Ein Touristenmagnet ist die Bahn ohnehin – auch, wenn die 1912 gebaute Museumslok nun in der Vorweihnachtszeit als „Summerland Christmas Express“ über die 16 Kilometer Gleise rollt, die nach dem Ende des regulären Betriebs von einst 500 Streckenkilometern noch übrig sind. „Zu Beginn des 20. Jahrhunderts gehörte die Bahn zu den teuersten Strecken der Welt. Sie brachte das Obst aus dem Okanagan Valley zur Küste, wo es verschifft wurde“, erzählt Orford.

Hochburg des Obst- und Weinanbaus

Der Obstanbau war und ist in der Region im Süden British Columbias von großer Bedeutung: Birnen, Aprikosen, Kirschen, Pflaumen – das ungewöhnliche Klima auf dem Hochplateau zwischen dem Westküstengebirge und den Rocky Mountains lässt rund um den Hauptort Penticton vieles gedeihen.

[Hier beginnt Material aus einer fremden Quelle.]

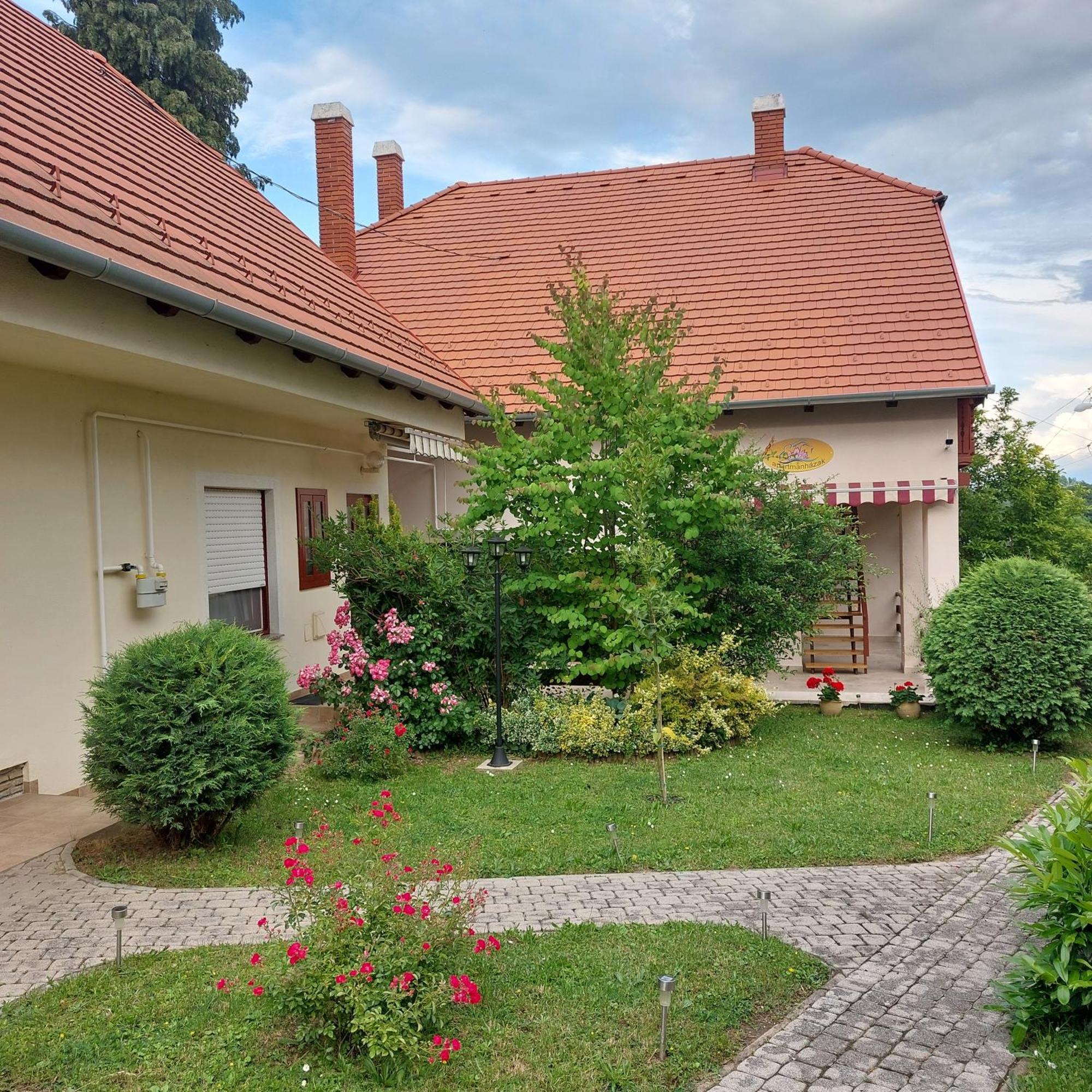 Erika Apartmanhazak Hévíz Εξωτερικό φωτογραφία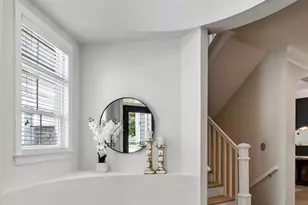 22810 Courtland Park Dr, Brambleton, VA 20148 - Photo 5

„Wir liegen im Regenschatten der Coast Mountains und haben nur etwa 300 Millimeter Niederschlag im Jahr. Das ist eine Halbwüste“, erklärt Geologe Scott Smith. 40 Grad sind im Sommer keine Seltenheit. Zudem bleibt es lange hell. „Das wirkt sich positiv auf die Reife der Weintrauben aus.“

Die Weinproduktion ist daher heute eines der Standbeine in der Region und zieht neben vielen Rentnern, die Wein und Klima schätzen, auch immer mehr Touristen an. Längst haben Weingüter wie Popular Grove Winery aus Penticton und Liquidity Winery aus Okanagan Falls Gewürztraminer und Riesling aus British Columbia international etabliert. Mehr als 60 Weingüter zählt das Okanagan Valley, die internationalen Prämierungen der Weine aus dem Süden Kanadas häufen sich.

„Am Anfang war das ein Hobby. Mittlerweile ist die Brennerei unser Hauptgeschäft“, sagt Anette Engel, die 2001 mit ihrer Familie von der Schwäbischen Alb auswanderte und in Penticton ein vier Hektar großes Grundstück kaufte. Seit 2005 führen sie und ihr Mann Jörg am Okanagan Lake eine Brennerei.

Die Toskana Kanadas

„Es gibt einige Auswanderer hier. Wir sind schließlich ein wenig auch die Toskana Kanadas“, bemerkt Engel, die noch immer von ihrer neuen Heimat schwärmt. „In 40 Minuten sind wir im Apex Ski Resort, wo es schon früh im Jahr zwei Meter Schnee gibt.“ Die Schneesicherheit der umliegenden Berge wiederum machen sich mittlerweile auch Gäste aus Vancouver zunutze. Sie haben Penticton längst als Alternative zu Whistler und den Ski-Resorts der Rocky Mountains entdeckt.